Le mutuel respect ne sera: pas de règle. RAMES (1873) plonge sa plume dans le vitriol : "DUFRENOY et ELIE de BEAUMONT viennent au Cantal pour enrayer dans ce pays les progrès de la géologie. A vrai dire, toutes leurs observations sont moins justes que celles de leurs devanciers dont ils regardent trop souvent les travaux comme non avenus. Ces deux grands géologues sont entièrement préoccupés et dominés par l'idée de devenir les apôtres de la théorie anti-scientifique des "cratères de soulèvement" et ils sacrifient tout dans ce but. Ils se laissent uniquement guider par des illusions d'optique."

"... Pour eux, il est presque évident que les coulées de trachyte et celles du conglomérat trachytique, sont contemporains, mais alors comment se serait produit l'affreuse dénudation qui existe entre ces deux sortes de coulées. Ils supposent que les petites coulées de phonolite qui constituent les puys de Griou, Griounot, Lusclade ont soulevé tout le Cantal; soit, mais comment une éruption qui est antérieure au manteau basaltique, aurait-elle pu soulever ce manteau qui n'existait pas encore?

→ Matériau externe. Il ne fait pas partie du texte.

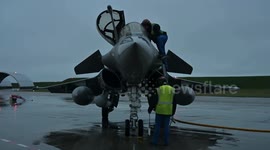 NATO Allies Unite for Largest Exercise in Decades in Andenes, Norway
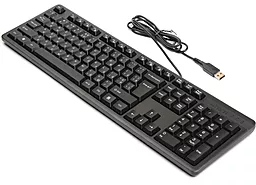 Клавиатура A4Tech KKS-3 USB  Black - миниатюра 3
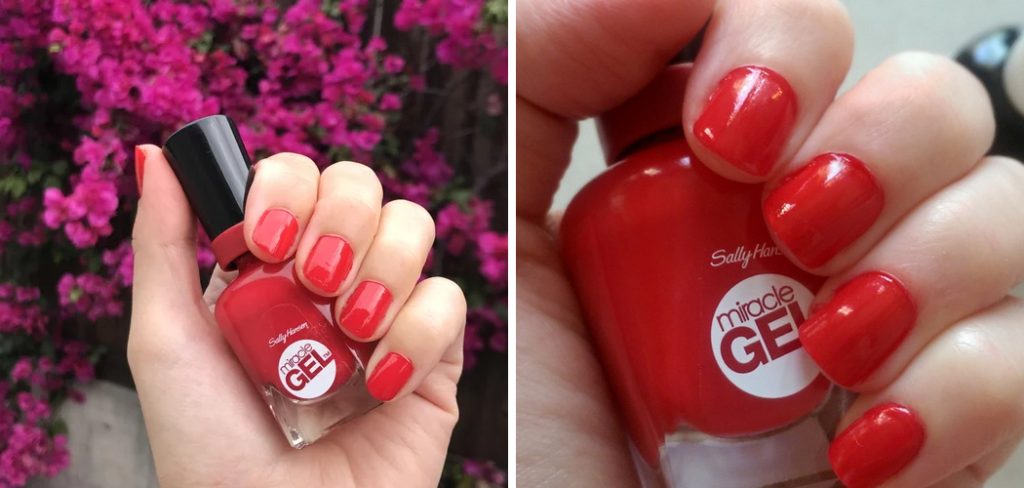How to Use Miracle Gel Nail Polish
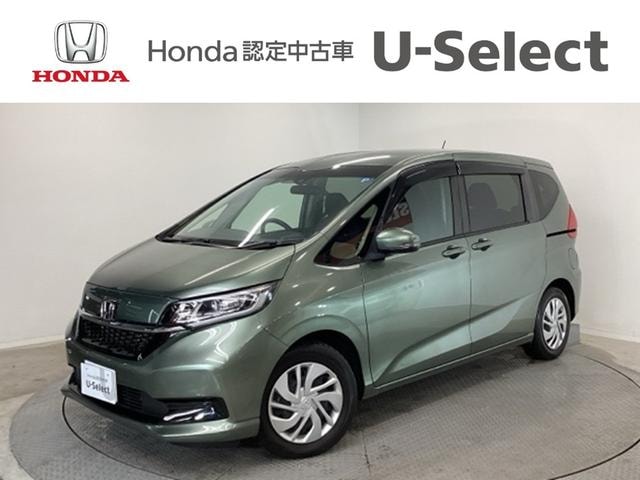 Honda FREED 2021 — фото автомобиля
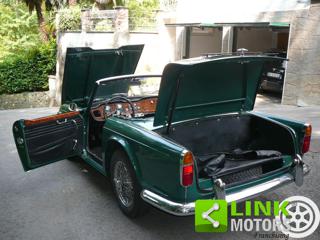 TRIUMPH TR4 usata 12
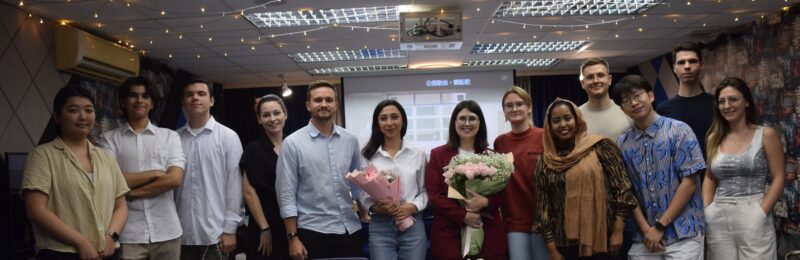 Jemma Arakelyan: My PhD Journey Has Reached Its Conclusion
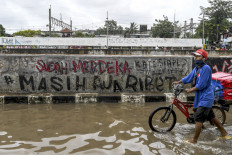 Jakarta to open access to flood mitigation data following commission's ruling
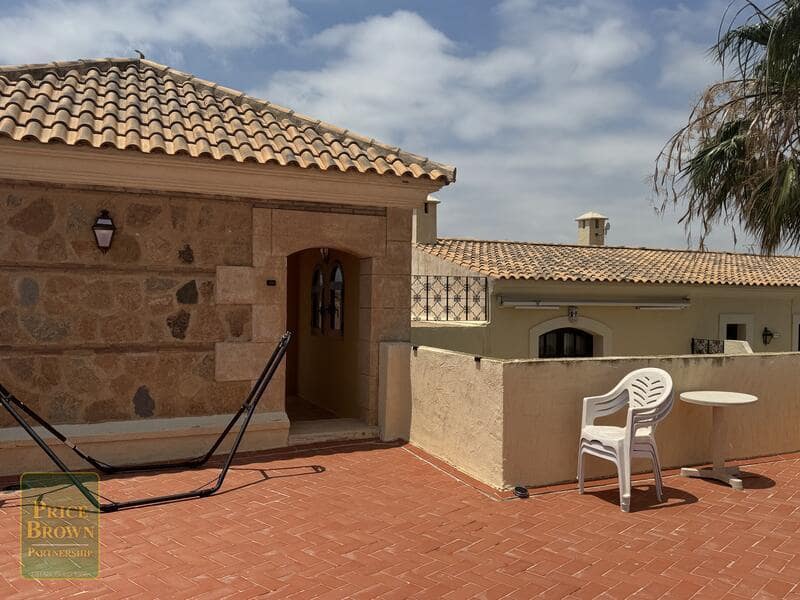 1 sovrum Lägenhet till salu i Villaricos med pool - 105 000 € (Ref: 9860574)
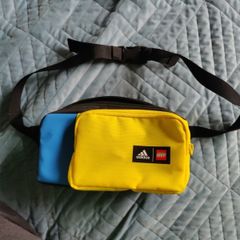 Lego & Adidas unisex waist bag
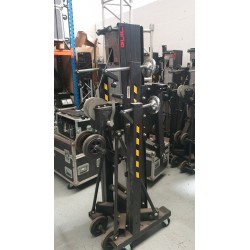 ULK650XL PIE URC HE 400KG - 6.50M GUIL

En somme, chaque proposition du mémoire de DUFRENOY et ELIE de BEAUMONT consacre une erreur grave, quant aux savants calculs qui l'accompagnent, ils n'ont de fondé que leur sévère élégance et leur nature idéale, et ils servent à nous prouver que le génie conserve toujours sa splendeur même dans ses égarements". BURAT (1833), ROZET (1833), BAUDIN (1843), TOURNAIRE (1859) magnifient la théorie des cratères de soulèvement..... alors, qu'à l'inverse, DESGENEVEZ (1834), RUELLE (1842), RAULIN (1842), LYELL (1848), POULETT-SCROPE (1858), ESQUIROU de PARDIEU (1859), en font "une mystification".

Les échos de la bagarre entre les naturalistes, sûrs de leurs observations, et les modélistes, confortés par leurs calculs, se répercutent dans toute la communauté scientifique; "Le mépris pour la géologie était alors tellement de bon ton..... que CUVIER, parlant de deux géologues se rencontrant au sein de l'Académie...., ne craignit pas de leur appliquer le mot de Cicéron, qui avait dit que deux augures ne pouvaient se regarder sans rire"(MONTLOSIER,1834, p.34).

Le "cours de philosophie" d'Auguste Comte (1830-1842) en sera suffisamment imprégné pour que dans sa classification des sciences, le philosophe place la géologie en bonne dernière place des sciences concrètes.

Les vedettes de la géologie, à l'époque, avaient mis leur puissance dans l'imposition d'une idée. Alors qu'il auraient pu grandir une science qu'ils personnifiaient ils l'ont fragilisé et le ridicule a frappé ceux qui avaient tort, mais, hélas aussi, ceux qui avaient raison.